RFI: A Kiev, Mikheil Saakachvili dans son village d’irréductibles

Papier diffusé dans les journaux de la matinale, sur RFI, le 25/10/2017

La tension est montée d’un cran, mardi 24 octobre, à Kiev. Mikheil Saakachvili, ancien Président de Géorgie, aujourd’hui farouche opposant au président Petro Porochenko, serait en passe d’être extradé en Géorgie. Il s’est réfugié dans un camp de tentes devant le Parlement, tenu par ses partisans, principalement des vétérans de guerre. Mikheil Saakachvili appelle à une nouvelle manifestation ce 25 octobre. A Kiev, Sébastien Gobert

L’installation de tentes était présentée comme un “camp révolutionnaire” depuis le 17 octobre. Avec Mikheil Saakachvili, c’est désormais le village des irréductibles. L’ancien Président de Géorgie a annoncé qu’il emménageait parmi ses fidèles après s’être vu refuser le statut de réfugié en Ukraine. Il est menacé d’extradition vers sa Géorgie natale, où il est recherché par la justice.

En Ukraine, le Procureur Général Iouriy Loutsenko l’a d’ores et déjà accusé de fomenter un coup d’Etat, et de recevoir des financements de l’étranger. “Je le démontrerai, preuves à l’appui, le moment venu”, a-t-il assuré dans une formulation ambigüe. Mikheil Saakachvili a certes appelé Petro Porochenko à la démission mais rien ne prouve qu’il soit déterminé à prendre le pouvoir par les armes.
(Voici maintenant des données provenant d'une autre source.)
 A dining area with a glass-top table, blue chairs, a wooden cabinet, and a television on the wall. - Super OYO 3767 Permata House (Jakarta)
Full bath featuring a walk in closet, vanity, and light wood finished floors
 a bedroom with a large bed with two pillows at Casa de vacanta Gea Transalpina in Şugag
Ce qui est sûr, c’est qu’il est soutenu par des paramilitaires nationalistes aguerris, et prêts à en découdre. Un de ces groupes, l’OUN, a d’ailleurs mis à sac un tribunal de Kiev pour en libérer un des leurs. Manifestations aux abords de la Verkhovna Rada et échauffourées au tribunal ne sont pas clairement liés. Mais le message est clair: le risque d’une radicalisation violente de ces groupes paramilitaires est réel.
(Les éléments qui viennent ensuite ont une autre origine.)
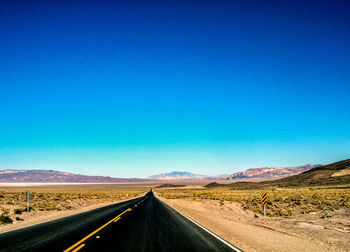 Empty road along countryside landscape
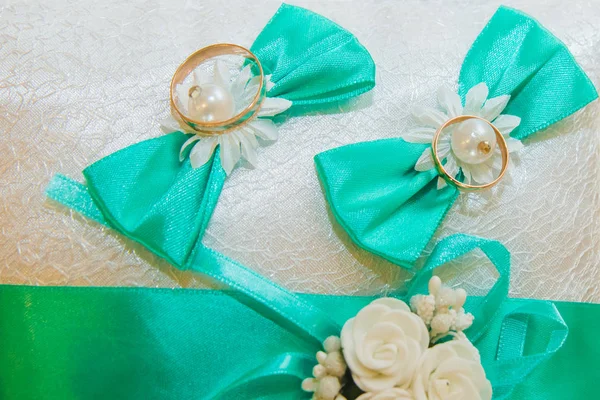 Los anillos de boda están en una almohada blanca y tristemente el ramo de la novia . — Foto de Stock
Mikheil Saakachvili manque pourtant de soutien populaire, et ses partenaires politiques gardent leurs distances. La plateforme réformatrice à l’origine du mouvement du 17 octobre est ébréchée, et le pouvoir concentre ses attaques sur Mikheil Saakachvili. 20 de ses assistants géorgiens, très proches de lui pendant son passage à la tête de la région d’Odessa, viennent d’être expulsés d’Ukraine. Petro Porochenko est aussi passé à l’offensive, en dénigrant ces “30-40 personnes (devant la Verkhovna Rada, ndlr.) qui s’auto-proclament un mouvement national”. La manifestation d’aujourd’hui, et la mobilisation des jours suivants, constitueront un test politique pour l’opposition à Petro Porochenko. Mikheil Saakachvili, lui, y joue son avenir, et peut-être sa liberté.